Steve Grogan – The Gutsy Gunslinger

Before Brady, there was Grogan—a quarterback who may not have been a Hall of Famer, but who embodied toughness in a way that made him beloved in New England. Drafted in 1975, Grogan started 135 games over 16 seasons, often with a neck brace and more tape on his body than a mummy.

His style was a mix of fearless passing and surprising mobility; in 1976, he ran for 12 touchdowns, a single-season QB rushing record that stood until Cam Newton broke it in 2011. Grogan led the Patriots to the playoffs in 1976 and 1985, the latter year ending in the team’s first Super Bowl appearance (a blowout loss to the Bears, but still a milestone).

If Brady was cool precision, Grogan was controlled chaos—good for some maddening picks, but also unforgettable moments that kept a struggling franchise relevant.

Stanley Morgan – The Deep Threat Before Deep Threats Were Cool

Stanley Morgan was to the vertical passing game what Hannah was to the run: the perfect fit for his era and ahead of his time. Playing from 1977 to 1989, Morgan averaged an absurd 19.2 yards per catch for his career—still the highest among players with 500-plus receptions.

He was a four-time Pro Bowler and the team’s all-time receiving yards leader until Wes Welker and Rob Gronkowski came along in the pass-happy 2000s. Morgan stretched defenses in a way that made life easier for everyone else, and if he’d played in today’s NFL, his numbers might be almost cartoonish.

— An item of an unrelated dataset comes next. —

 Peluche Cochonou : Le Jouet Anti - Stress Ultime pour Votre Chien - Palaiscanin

Mike Haynes – The Shutdown Corner

Mike Haynes didn’t just cover receivers—he erased them. Drafted in 1976, Haynes won Defensive Rookie of the Year and was a Pro Bowler in each of his first five seasons with New England. He had size, speed, and instincts that made him one of the most complete corners in NFL history.

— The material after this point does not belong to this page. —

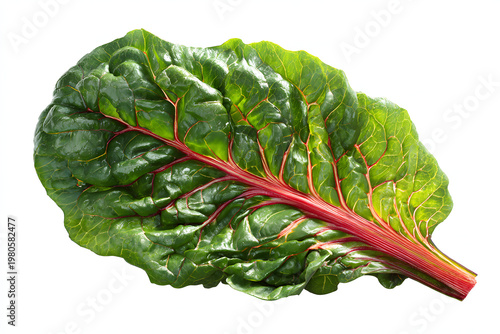 
single Swiss chard isolated on pure white background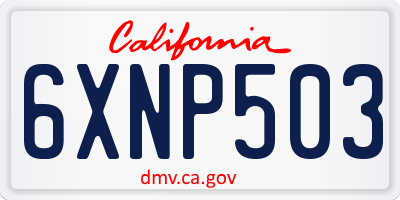 CA license plate 6XNP503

Unfortunately for the Patriots, Haynes spent just seven seasons in Foxborough before moving to the Raiders, where he won a Super Bowl. Still, his 28 interceptions and lockdown coverage in New England were a bright spot in an era when the Patriots’ defense was rarely elite.

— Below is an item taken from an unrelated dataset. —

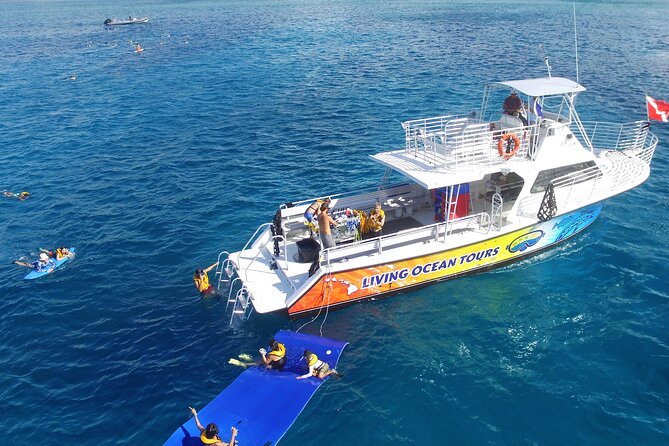 Turtle Canyons Snorkel Excursion From Waikiki, Hawaii - What to Expect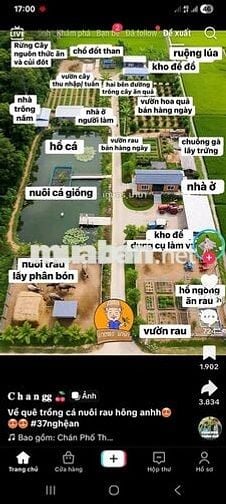 2800m2 Đất vườn MT đường 7m cách tỉnh lộ 816 được lên thổ cư 370m2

Andre Tippett – The Sack Machine

If you wanted to find the Patriots’ defensive identity in the ’80s, you started with Tippett. The outside linebacker terrorized quarterbacks from 1982 to 1993, amassing 100 sacks (still a franchise record).

From 1984 to 1985, Tippett had back-to-back seasons of 18.5 and 16.5 sacks, earning Defensive Player of the Year honors in 1985. He was the kind of player you game-planned around—and still couldn’t stop. Tippett’s presence was a big reason the Patriots made their Cinderella run to the ’85 Super Bowl.

The 1985 AFC Champions

Speaking of that run—before Belichick, the 1985 Patriots were the only team in franchise history to make the Super Bowl. Coached by Raymond Berry, they won three straight road playoff games (against the Jets, Raiders, and Dolphins) before running into the buzzsaw that was the ’85 Chicago Bears defense.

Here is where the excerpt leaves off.